Work request:
Copy nothing but the lines from the one containing "By law, the" through the last line of the entries below, exactly as written and without pictures.

Exercise data:
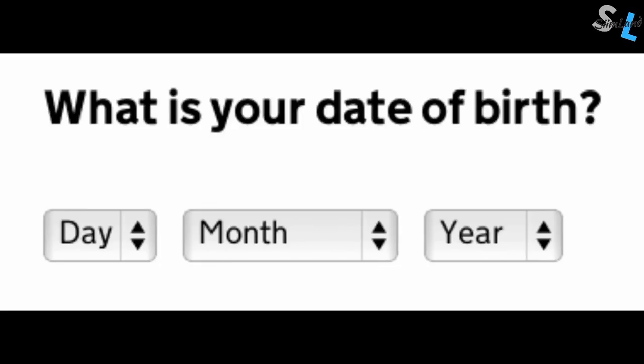Did you know that you have two ages? One of them is your chronological age — the one that you have in your passport — and it essentially means how long you have been alive in terms of the years, months, and days.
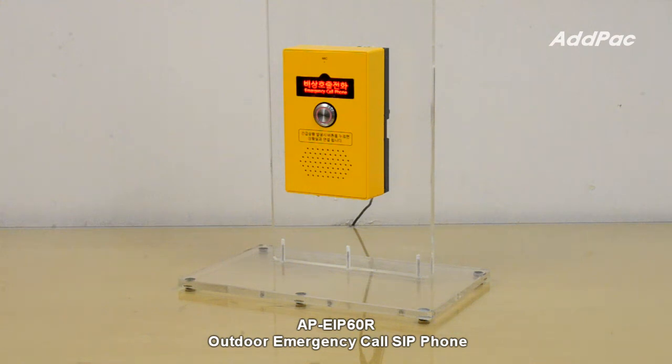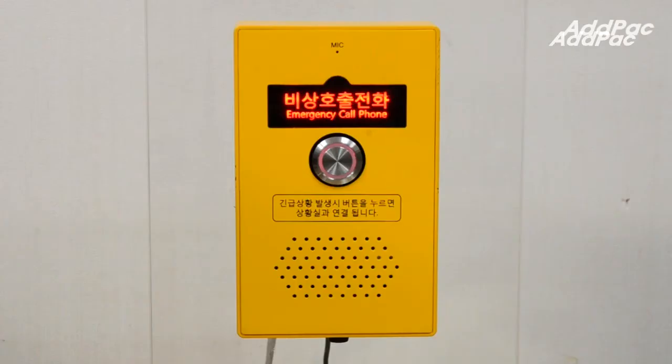It supports VIP telephony service at optimal level in the general internet environment through all different kinds of voice codecs like G.722, G.711, G.726, G.729A, etc., and a built-in microphone and speaker interface.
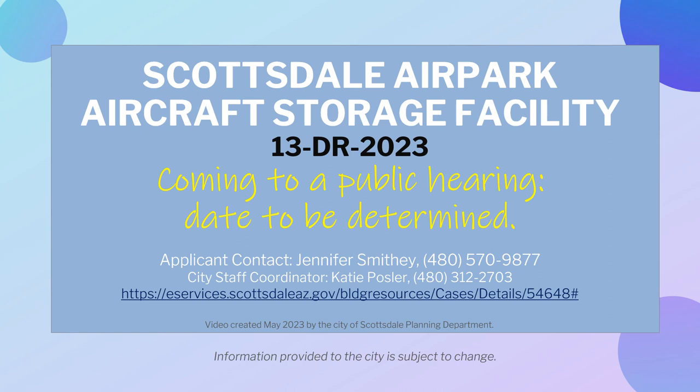By law, the applicant and/or owner is entitled to submit this application and the city is obligated to process this application. Information provided to the city is subject to change.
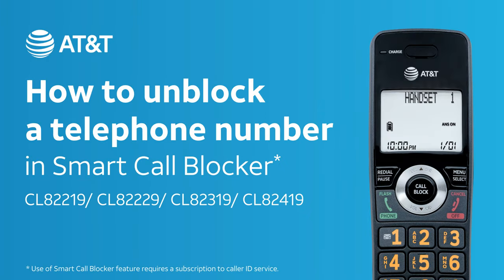Blocked an important call by mistake? Find the number in your block list and unblock it. Here is how.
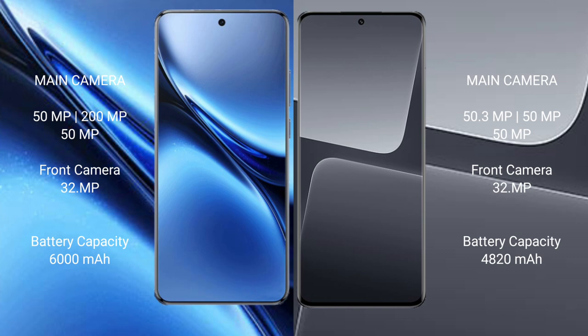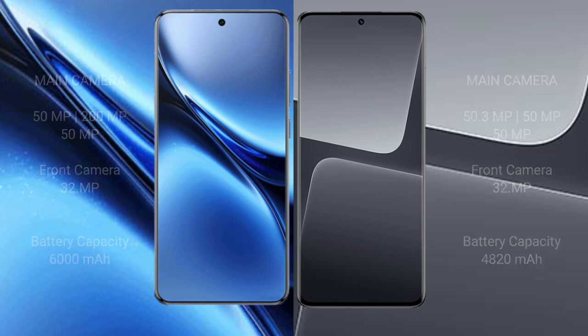Vivo X200 Pro packs a 6000mAh battery with 90W fast charging support. Xiaomi 13 Pro has a 4820mAh battery with 120W fast charging support.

Your response:
By law, the applicant and/or owner is entitled to submit this application and the city is obligated to process this application. Information provided to the city is subject to change.
Blocked an important call by mistake? Find the number in your block list and unblock it. Here is how.
Vivo X200 Pro packs a 6000mAh battery with 90W fast charging support. Xiaomi 13 Pro has a 4820mAh battery with 120W fast charging support.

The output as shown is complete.